Maybe fishing is good from Alabama to South Carolina with the exception of the middle of Georgia, for me anyway. A tournament at Lanier last Sunday was very frustrating but a trip to West Point on the Alabama line was more rewarding.
Tuesday I took my 2004 Skeeter I am trying to sell to West Point to run it some. It had not been cranked since last November, the longest time it has gone without going fishing since I bought it. I had taken everything out of it so I had to remember to take a life jacket, kill switch, and the boat key!
Although I planned to run the motor some and look at water color and temperature in preparation for a Potato Creek tournament Saturday, I did put in a couple of rods and reels, one with a spinnerbait and one with a crankbait. I took no spare tackle.
I was pleased when the motor cranked right up and ran without any problem. And the water from the Mega Ramp at Pyne Park up to Whitewater was a good color for fishing, a little stained but not muddy, and with temperatures in the low 60s I knew the fish should be active.
After riding around a little I could not stand it so I fished into a cove with the crankbait, casting it to rocks and wood cover, without a bite. Then as I approached a tree in the water I picked up the spinnerbait and caught a four pound largemouth on the first cast with it. That was exciting.
After riding around a little more I decided to fish the crankbait on a point and quickly caught two pound spotted bass.
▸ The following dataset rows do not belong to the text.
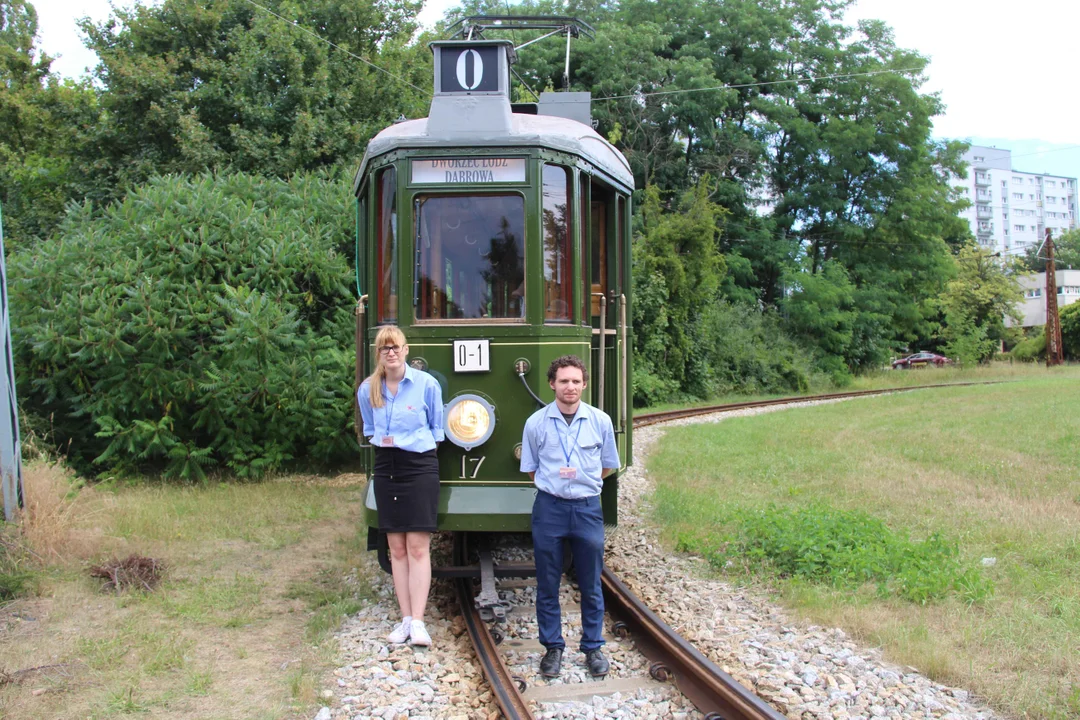 Zabytkowe tramwaje na łódzkich ulicach. Łódzkie Linie Turystyczne zapraszają na przejażdżkę [ZDJĘCIA] - Zdjęcie główne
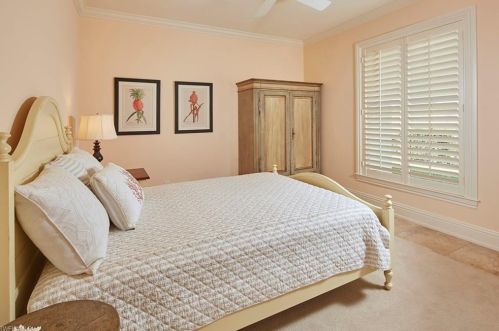 1070 Spanish Moss Trl, Naples FL 34108-2414 exterior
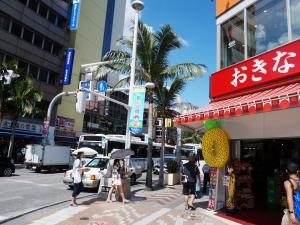 una calle concurrida con gente caminando por la acera en Hotel Abest Naha Kokusaidori, en Naha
At that point I realized I didn’t want to catch any more fish, preferring to save them for the tournament, so I ran back to the ramp and took the boat out. I was on the water less than three hours total. I hope those two fish were waiting on me yesterday.
At Lake Lanier last Sunday 15 members of the Flint River Bass Club fished our first tournament of the year. We landed 21 keeper bass weighing about 45 pounds. There was one five-fish limit and five people did not have a keeper. Six of us had just one keeper after eight hours of casting. There was one largemouth weighed in, all the rest were spots.
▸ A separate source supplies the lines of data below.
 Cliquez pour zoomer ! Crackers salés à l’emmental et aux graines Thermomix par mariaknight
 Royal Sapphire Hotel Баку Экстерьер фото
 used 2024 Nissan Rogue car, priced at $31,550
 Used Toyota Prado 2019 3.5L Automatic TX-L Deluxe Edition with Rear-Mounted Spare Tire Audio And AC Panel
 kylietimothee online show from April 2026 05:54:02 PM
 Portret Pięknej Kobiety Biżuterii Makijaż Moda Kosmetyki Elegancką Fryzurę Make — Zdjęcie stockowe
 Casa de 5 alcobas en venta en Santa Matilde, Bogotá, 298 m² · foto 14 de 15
Travis Weatherly had four keepers weighing 13.01 pounds and won and his 4.6-pound spot was big fish. Chuck Croft had five weighing 8.59 pounds for second, Niles Murray had four at 7.54 pounds for third and Dan Phillips had one spot weighing 3.7 pounds for fourth.
It was a very frustrating day for me. I had been seeing picture on Facebook of big spotted bass being caught on crankbaits and spinnerbaits. Folks were catching them on rocky points and clay banks, a pattern I like to fish. Others were catching numbers of spots by fishing a Fish Head Spin in ditches, a common pattern there this time of year but one I have never learned.
Travis and Chuck both said they caught their fish on the Fish Head Spin pattern. I tried it some without any luck. Nile said he caught his fish on a crankbait, something I tried a lot without a bite. My one keeper came out of a tree top and hit a jig head worm, on the sixth or seventh cast into it. It was no bigger than a bath tub. My partner Wes DeLay had also cast to that wood cover before the fish finally hit.
The weather is supposed to be unseasonably warm all this week and the fish should react to it by moving shallow and feeding. I remember a February in the mid-1970s with similar weather. It was very warm all month. Linda and I took our bass boat to Clarks Hill the last weekend of February to bass fish.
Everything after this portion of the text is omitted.